Stored records:

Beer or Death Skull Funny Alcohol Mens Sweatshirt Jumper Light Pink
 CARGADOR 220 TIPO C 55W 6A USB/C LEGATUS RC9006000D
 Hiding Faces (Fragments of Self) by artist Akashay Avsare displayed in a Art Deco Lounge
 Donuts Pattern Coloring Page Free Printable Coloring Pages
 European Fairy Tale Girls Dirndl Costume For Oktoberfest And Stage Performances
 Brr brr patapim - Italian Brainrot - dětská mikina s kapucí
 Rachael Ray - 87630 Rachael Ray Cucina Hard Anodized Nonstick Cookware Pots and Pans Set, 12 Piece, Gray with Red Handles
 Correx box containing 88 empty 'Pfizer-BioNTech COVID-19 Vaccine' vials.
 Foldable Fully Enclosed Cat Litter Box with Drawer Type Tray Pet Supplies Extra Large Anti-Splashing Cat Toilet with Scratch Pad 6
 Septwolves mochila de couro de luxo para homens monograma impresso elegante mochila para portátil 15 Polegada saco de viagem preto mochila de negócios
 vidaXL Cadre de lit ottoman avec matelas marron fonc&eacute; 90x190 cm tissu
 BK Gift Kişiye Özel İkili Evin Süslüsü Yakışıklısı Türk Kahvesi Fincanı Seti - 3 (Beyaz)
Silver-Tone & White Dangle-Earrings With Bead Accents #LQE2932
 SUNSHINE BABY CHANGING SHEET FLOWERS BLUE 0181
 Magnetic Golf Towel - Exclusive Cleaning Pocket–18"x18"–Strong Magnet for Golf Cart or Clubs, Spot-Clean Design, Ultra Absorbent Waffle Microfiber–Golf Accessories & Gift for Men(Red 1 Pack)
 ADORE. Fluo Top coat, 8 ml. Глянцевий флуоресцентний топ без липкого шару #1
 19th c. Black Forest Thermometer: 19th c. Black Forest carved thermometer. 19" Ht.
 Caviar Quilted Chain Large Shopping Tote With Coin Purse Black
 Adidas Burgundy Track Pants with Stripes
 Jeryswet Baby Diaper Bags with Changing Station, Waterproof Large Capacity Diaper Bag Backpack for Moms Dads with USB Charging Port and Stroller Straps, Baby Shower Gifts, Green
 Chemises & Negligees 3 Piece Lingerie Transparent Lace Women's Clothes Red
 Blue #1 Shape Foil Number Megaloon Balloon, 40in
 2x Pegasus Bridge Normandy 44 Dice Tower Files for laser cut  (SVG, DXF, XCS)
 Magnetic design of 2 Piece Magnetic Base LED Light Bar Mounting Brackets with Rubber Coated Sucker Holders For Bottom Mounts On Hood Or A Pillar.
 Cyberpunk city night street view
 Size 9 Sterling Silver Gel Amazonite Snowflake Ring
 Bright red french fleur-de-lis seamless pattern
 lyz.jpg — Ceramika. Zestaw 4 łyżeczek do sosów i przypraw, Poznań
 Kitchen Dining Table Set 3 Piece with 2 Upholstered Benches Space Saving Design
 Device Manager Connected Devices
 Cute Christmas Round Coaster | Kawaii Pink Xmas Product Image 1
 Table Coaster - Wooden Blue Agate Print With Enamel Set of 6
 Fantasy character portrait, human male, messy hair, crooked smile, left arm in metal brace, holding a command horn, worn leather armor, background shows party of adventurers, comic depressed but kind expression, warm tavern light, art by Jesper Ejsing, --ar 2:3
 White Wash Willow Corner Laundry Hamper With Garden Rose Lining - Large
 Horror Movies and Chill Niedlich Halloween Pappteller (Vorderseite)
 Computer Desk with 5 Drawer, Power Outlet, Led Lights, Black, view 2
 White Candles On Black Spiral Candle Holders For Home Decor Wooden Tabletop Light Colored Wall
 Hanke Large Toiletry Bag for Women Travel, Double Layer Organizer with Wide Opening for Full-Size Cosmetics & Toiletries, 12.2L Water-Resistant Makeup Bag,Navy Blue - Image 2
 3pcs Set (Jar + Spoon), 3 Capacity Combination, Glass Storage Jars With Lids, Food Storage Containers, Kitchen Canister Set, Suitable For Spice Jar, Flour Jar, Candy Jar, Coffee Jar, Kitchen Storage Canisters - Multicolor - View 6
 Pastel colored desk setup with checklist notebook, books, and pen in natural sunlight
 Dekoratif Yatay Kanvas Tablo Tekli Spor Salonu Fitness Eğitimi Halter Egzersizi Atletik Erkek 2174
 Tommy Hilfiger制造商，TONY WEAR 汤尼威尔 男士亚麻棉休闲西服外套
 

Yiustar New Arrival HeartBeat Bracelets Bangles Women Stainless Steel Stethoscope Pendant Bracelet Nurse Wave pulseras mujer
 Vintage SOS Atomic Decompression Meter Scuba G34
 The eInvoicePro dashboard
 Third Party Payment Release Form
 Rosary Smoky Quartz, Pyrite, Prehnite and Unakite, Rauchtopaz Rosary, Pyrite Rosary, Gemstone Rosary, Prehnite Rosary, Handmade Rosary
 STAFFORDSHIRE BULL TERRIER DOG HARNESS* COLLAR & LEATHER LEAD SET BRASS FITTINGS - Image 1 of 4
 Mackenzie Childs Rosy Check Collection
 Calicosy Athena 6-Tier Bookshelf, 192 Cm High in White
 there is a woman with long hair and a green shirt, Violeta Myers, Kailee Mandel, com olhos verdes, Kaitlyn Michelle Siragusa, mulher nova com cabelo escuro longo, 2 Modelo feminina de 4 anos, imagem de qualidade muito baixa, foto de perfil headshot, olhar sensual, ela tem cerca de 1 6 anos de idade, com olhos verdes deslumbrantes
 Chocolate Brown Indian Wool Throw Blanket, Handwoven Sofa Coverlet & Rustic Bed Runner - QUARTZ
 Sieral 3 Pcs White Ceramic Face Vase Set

TASK STATEMENT:
Copy out each line in the preceding records that contains "Size".

ANSWER BELOW:
 Size 9 Sterling Silver Gel Amazonite Snowflake Ring
 Hanke Large Toiletry Bag for Women Travel, Double Layer Organizer with Wide Opening for Full-Size Cosmetics & Toiletries, 12.2L Water-Resistant Makeup Bag,Navy Blue - Image 2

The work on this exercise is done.